Words to Rest With
Lately I’ve encountered a few readings and podcasts by teachers (I use that term broadly) that beautifully honor the complexity of the human experience, offering nourishment or perspective that makes the challenges of daily life feel possible—without attempting to provide tidy solutions or bypass the reality of suffering. I wanted to pass these along, especially in light of the anxiety and heaviness so many are feeling right now:
First, I recently re-read these words from Buddhist nun Pema Chödrön’s compassionate exploration of life’s difficulties, When Things Fall Apart.
She reminds us:
The first noble truth of the Buddha is that when we feel suffering, it doesn’t mean that something is wrong. What a relief. Finally somebody told the truth. Suffering is part of life, and we don’t have to feel it's happening because we personally made the wrong move.
These simple words hold such a profound reminder that suffering happens; that life happens.
Speaking to the title, Pema shares:
Things falling apart is a kind of testing and also a kind of healing. We think that the point is to pass the test or to overcome the problem, but the truth is that things don’t really get solved. They come together and they fall apart. Then they come together again and fall apart again. It’s just like that.

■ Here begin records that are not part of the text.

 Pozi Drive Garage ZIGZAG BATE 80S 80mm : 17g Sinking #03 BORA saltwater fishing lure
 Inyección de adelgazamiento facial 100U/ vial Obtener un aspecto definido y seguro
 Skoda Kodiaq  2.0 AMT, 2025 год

The healing comes from letting there be room for all of this to happen: room for grief, for relief, for misery, for joy.
(Side note: perhaps staying soft is about leaving space for all of this to happen…)

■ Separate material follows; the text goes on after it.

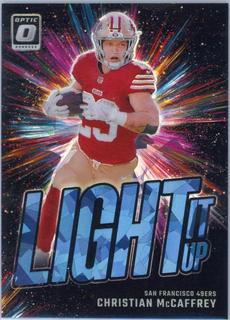 Christian McCaffrey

Writer Maria Popova runs a website called The Marginalian, where she compiles her musings about life and meaning—often melding together philosophy, art, and science. She blends words from other thinkers and artists to shape ideas around what it means to be a human. Last week she shared 18 Life Learnings from 18 Years of the Marginalian.

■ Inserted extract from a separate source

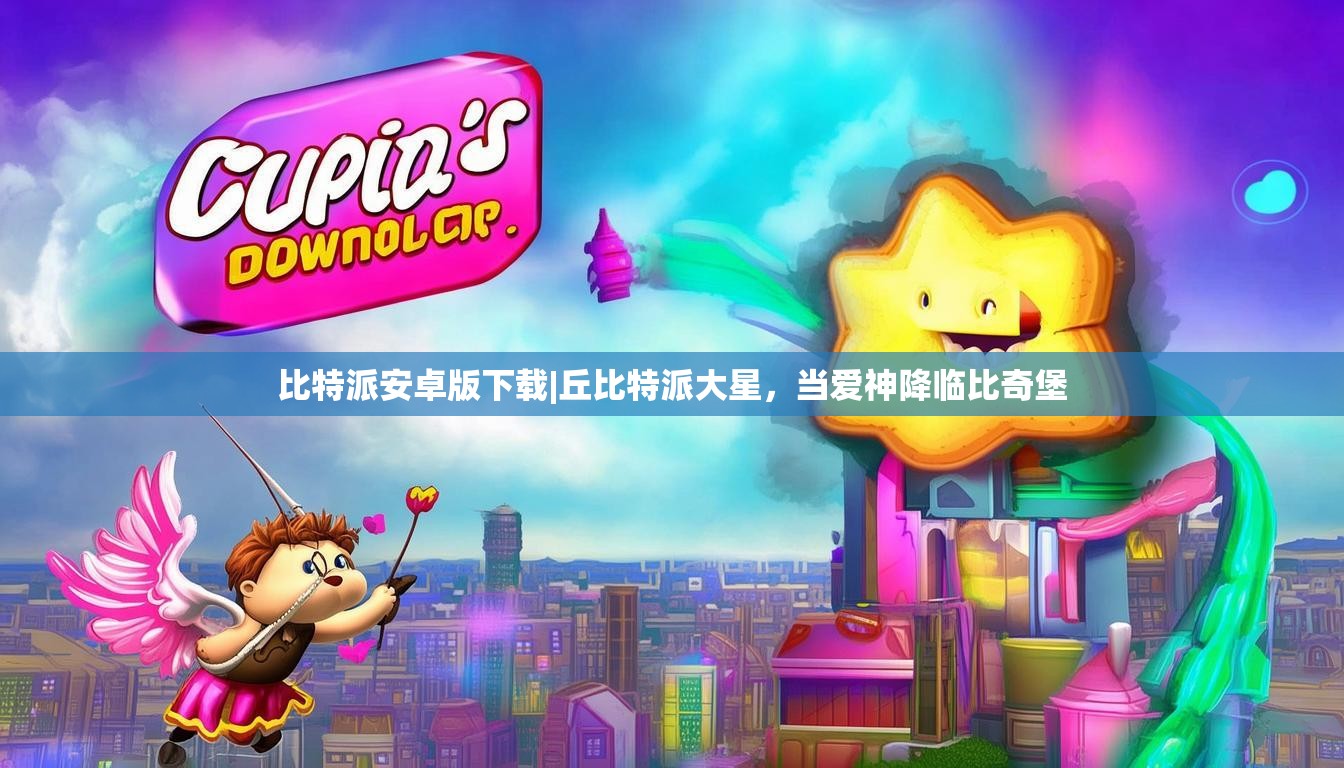 比特派安卓版下载|丘比特派大星，当爱神降临比奇堡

The lessons reflect the ways that Popova has made sense of life’s difficulties and learning moments, and offers so much to chew on. But what first stuck me is Popova’s opening, acknowledging the lack of easy answers or prescription for living life. Acknowledging that we learn to live our lives by doing just that:
Somewhere along the way, you realize that no one will teach you how to live your own life — not your parents or your idols, not the philosophers or the poets, not your liberal arts education or your twelve-step program, not church or therapy or Tolstoy. No matter how valuable any of that guidance, how pertinent any of that wisdom, in the end you discover that you make the path of life only by walking it with your own two feet under the overstory of your own consciousness — that singular miracle never repeated in all the history and future of the universe, never fully articulable to another.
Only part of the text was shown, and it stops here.